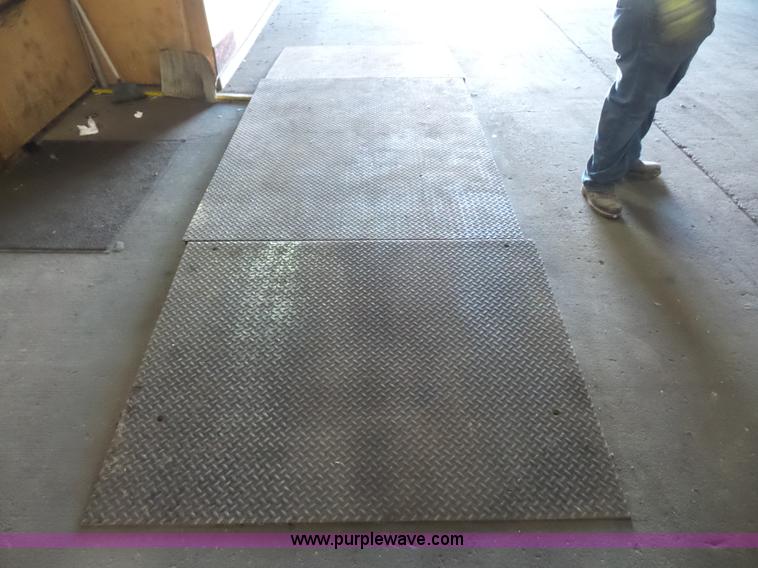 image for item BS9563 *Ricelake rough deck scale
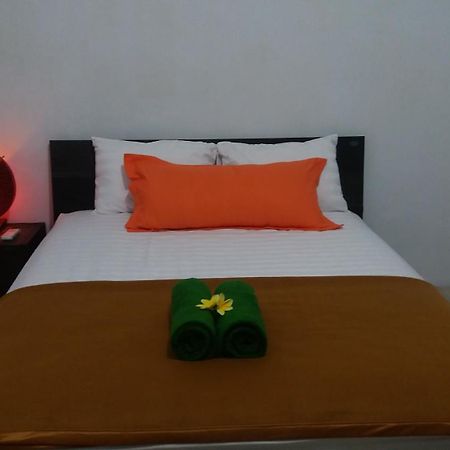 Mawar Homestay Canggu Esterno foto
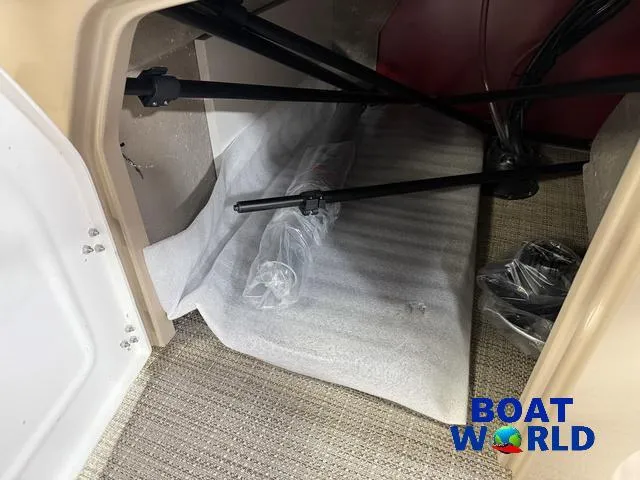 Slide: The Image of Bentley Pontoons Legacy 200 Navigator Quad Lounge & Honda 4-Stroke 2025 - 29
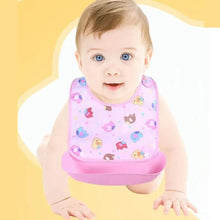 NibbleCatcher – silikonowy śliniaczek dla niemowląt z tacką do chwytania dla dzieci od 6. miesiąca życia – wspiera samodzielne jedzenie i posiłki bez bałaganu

---

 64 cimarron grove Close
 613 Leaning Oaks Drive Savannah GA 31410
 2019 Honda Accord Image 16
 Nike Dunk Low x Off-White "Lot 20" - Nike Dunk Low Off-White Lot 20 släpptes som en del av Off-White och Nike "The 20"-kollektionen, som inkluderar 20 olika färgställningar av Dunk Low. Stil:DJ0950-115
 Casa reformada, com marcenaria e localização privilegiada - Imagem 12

**WORK TASK:** An exact, complete copy of the lines above from the one with "2019 Honda Accord Image 16" through the one with "Casa reformada, com" is the whole answer.

**EXERCISE RESPONSE:**
 2019 Honda Accord Image 16
 Nike Dunk Low x Off-White "Lot 20" - Nike Dunk Low Off-White Lot 20 släpptes som en del av Off-White och Nike "The 20"-kollektionen, som inkluderar 20 olika färgställningar av Dunk Low. Stil:DJ0950-115
 Casa reformada, com marcenaria e localização privilegiada - Imagem 12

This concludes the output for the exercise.